HR 6 – The 21st Century Cures ActSummary of Major Health IT Provisions


The 21st Century Cures Act (HR 6) is legislation authored by the U.S. House of Representatives Energy & Commerce Committee that seeks to better realize medical breakthroughs by accelerating and delivering innovation to patients. The legislation aims to achieve this by removing existing barriers that prohibit increased research and collaboration. The 21st Century Cures Act contains a number of provisions that are pertinent to the health IT community, specifically in the areas of FDA regulation, telehealth and interoperability.

FDA Regulation- Title II- Subtitle N- SEC. 2241. HEALTH SOFTWARE.

  • Includes the Sensible Oversight for Technology Which Advances Regulatory Efficiency (SOFTWARE) Act which amends the Federal Food, Drug, and Cosmetic Act to define and differentiate health software from health devices.
  • Defines health software deemed to be "low risk," and removes the application of FDA regulation from "low risk" software.
  • Grants discretion to regulate health software "intended for use to analyze information used to provide patient-specific recommended options to consider in the prevention, diagnosis, treatment, cure or mitigation of a particular disease or condition" (e.g., clinical decision support) if the Secretary of HHS determines it poses a significant patient safety threat.
  • Gives the Secretary of HHS authority to classify health accessories according to their intended use and independently of any classification of any parent device with which it is used.

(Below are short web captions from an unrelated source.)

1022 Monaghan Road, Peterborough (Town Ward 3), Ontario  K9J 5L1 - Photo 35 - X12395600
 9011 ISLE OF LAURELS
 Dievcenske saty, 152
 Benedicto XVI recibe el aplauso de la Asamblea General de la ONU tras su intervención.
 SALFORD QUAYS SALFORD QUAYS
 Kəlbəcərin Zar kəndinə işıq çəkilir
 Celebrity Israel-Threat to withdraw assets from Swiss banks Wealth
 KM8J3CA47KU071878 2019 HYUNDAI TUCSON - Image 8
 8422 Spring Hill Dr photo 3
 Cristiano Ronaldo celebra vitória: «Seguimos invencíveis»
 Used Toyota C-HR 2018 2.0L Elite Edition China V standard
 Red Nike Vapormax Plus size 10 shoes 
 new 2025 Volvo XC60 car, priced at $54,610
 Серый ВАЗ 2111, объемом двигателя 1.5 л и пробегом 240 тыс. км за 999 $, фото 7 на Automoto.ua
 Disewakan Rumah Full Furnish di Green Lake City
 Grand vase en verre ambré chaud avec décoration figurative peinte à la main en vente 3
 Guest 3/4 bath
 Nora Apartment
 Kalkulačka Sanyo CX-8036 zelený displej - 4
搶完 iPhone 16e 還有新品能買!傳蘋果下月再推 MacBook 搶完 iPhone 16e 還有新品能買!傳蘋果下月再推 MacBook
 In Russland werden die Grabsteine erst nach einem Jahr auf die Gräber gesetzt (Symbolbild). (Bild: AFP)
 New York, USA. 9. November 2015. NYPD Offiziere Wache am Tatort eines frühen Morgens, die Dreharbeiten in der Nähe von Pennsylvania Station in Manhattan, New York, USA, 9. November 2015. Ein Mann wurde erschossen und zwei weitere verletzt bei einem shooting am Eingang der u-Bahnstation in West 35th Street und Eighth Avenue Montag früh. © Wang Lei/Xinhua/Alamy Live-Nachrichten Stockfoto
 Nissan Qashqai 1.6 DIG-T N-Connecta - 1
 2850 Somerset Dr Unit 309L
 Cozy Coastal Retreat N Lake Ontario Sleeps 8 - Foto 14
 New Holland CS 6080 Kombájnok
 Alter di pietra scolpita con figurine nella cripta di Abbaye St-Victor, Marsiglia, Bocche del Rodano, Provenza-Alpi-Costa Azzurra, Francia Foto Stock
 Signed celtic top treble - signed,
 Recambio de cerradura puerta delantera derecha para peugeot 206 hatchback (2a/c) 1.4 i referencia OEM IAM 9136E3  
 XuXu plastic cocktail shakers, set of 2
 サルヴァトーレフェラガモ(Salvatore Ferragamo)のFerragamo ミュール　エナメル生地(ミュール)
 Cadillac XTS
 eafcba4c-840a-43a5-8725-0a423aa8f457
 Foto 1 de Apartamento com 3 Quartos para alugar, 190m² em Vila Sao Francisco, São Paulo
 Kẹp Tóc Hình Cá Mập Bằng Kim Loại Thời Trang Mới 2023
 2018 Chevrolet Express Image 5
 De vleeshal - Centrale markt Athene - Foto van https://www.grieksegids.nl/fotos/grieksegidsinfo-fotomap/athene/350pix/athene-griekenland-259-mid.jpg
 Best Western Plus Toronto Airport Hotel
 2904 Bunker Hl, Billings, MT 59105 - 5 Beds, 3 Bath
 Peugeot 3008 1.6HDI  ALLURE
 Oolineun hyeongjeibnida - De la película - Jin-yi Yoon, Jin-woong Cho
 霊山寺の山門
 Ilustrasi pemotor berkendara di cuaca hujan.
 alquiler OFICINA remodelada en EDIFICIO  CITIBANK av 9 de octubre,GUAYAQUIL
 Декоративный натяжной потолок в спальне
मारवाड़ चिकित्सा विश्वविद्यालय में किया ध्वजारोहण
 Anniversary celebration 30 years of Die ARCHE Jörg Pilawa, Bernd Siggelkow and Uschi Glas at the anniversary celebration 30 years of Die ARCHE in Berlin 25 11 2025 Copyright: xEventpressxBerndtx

  • Requires CMS to provide a report to Congress identifying the number of people dually eligible for Medicare and Medicaid services who would benefit from telehealth services, and the feasibility of implementing such services.
  • Requires the Medicare Payment Advisory Commission (MEDPAC) to provide a report to Congress identifying telehealth services that can be paid for using both the fee-for-service and private insurance plans.
  • Provides "Sense of Congress" language stating that eligible telehealth sites should be expanded, and that any expansions under the Medicare program recognize that telemedicine is a delivery of safe, effective, quality health care services, by a health care provider, using technology as the mode of care delivery.


  • In order for health information technology to be considered interoperable, such technology must satisfy the following criteria: secure transfer, complete access to health information, and no information blocking. Also requires the individual transferring the information to still comply with HIPAA standards, including the "minimum necessary" requirement.
  • Sets forth six categories of standards that are required for interoperability: vocabulary and terminology, content and structure, transport of information, security, service, querying and requesting health information for access, exchange, and use.
  • Terminates the HIT Standards Committee and directs the Secretary of HHS to enter into contracts with health care standards development organizations (SDOs) accredited by the American National Standards Institute (or with ANSI who can subcontract with non-ANSI accredited organizations) to make recommendations on standards, corresponding implementation specifications, and methods to test whether health IT is compatible with standards and implementation specifications.
  • Defines information blocking to include practices that the actor knows, or should know, prevent or materially discourage access to, exchange, or use of health information. Also provides exception and liability language.
  • Noncompliance with interoperability standards and criteria by vendors of health information technology offered for use by a provider participating in Medicare or Medicaid, health information systems, hospitals, and other healthcare providers is punishable by decertification (of vendors) and civil monetary penalties (applied to vendors and providers).
  • Aims to increase transparency by requiring vendors to report additional types of costs or fees associated with specific uses of health IT.
  • Provides "Sense of Congress" language stating that interoperability is best achieved when individuals and authorized representatives have equal access to the health information in electronic format. Provides additional language stating that patients should have the right to access their information as well as have confidence in its accuracy.